When Iberian Jews were converted to Catholicism under duress during the Inquisition, many struggled to retain their Jewish identity in private while projecting Christian conformity in the public sphere. To root out these heretics, the courts of the Inquisition published checklists of koshering practices and "grilled" the servants, neighbors, and even the children of those suspected of practicing their religion at home.
From these testimonies and other primary sources, Gitlitz & Davidson have drawn a fascinating, award-winning picture of this precarious sense of Jewish identity and have re-created these recipes, which combine Christian & Islamic traditions in cooking lamb, beef, fish, eggplant, chickpeas, and greens and use seasonings such as saffron, mace, ginger, and cinnamon.
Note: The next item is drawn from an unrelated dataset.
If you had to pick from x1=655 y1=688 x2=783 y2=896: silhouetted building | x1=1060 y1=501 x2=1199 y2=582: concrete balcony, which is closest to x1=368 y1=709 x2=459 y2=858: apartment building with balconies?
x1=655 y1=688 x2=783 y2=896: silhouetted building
The recipes, and the accompanying stories of the people who created them, promise to delight the adventurous palate and give insights into the foundations of modern Sephardic cuisine.
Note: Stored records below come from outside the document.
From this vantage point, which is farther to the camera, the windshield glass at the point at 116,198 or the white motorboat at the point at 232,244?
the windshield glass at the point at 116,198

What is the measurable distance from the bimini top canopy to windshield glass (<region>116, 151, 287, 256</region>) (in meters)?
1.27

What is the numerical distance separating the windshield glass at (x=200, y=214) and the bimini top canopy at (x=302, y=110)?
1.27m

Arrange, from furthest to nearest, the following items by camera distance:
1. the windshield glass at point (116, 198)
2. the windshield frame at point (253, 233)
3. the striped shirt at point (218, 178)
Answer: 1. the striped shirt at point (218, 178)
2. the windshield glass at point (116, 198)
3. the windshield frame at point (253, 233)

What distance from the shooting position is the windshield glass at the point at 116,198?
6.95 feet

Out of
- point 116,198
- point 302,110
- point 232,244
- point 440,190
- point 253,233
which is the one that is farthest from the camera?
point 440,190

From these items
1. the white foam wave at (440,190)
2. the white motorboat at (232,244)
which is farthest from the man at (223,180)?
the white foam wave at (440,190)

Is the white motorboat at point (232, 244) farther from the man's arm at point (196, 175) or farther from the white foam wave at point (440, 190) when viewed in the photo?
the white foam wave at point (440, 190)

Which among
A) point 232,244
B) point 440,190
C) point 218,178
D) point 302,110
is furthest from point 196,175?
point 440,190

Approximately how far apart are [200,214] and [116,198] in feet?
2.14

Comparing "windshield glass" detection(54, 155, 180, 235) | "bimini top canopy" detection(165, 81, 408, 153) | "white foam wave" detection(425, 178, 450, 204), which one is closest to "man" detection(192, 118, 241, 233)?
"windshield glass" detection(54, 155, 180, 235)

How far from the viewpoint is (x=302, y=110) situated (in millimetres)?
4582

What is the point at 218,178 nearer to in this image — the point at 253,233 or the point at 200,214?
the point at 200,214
A husband-and-wife team of University of Rhode Island professors presents a cookbook of medieval recipes that is, more significantly, a document of religious persecution during the Spanish Inquisition. Sixteen pages of endnotes and a six-page bibliography attest to its authority. Thousands of Iberian Jews were forced to convert to Christianity in the late 15th century, and while many assimilated, others clung to earlier customs--including dietary edicts. Gitlitz and Davidson report trial testimonies in which crypto-Jews--those who secretly struggled to maintain their Jewish identity and customs--were betrayed by what they ate, what they wouldn't eat and how their food was prepared. Recipes reconstructed for today's kitchens include dishes such as Isabel Gonzalez's Eggplant and Onion Stew and Blanca Ramierez's Meatball Stew. Another revealing dish is Radishes and Stuffed Crop, skin from chicken necks stuffed with radishes and herbs. Many meals reflect a fondness for the sweetness of honey and the savory blend of herbs and spices. They range from Mayor Gonzalez's Cold White Lamb Casserole, made with rose water, cinnamon and almond milk, to five different matzas, including one with mashed chestnuts. Gitlitz and Davidson offer an erudite look into both culinary and Jewish history.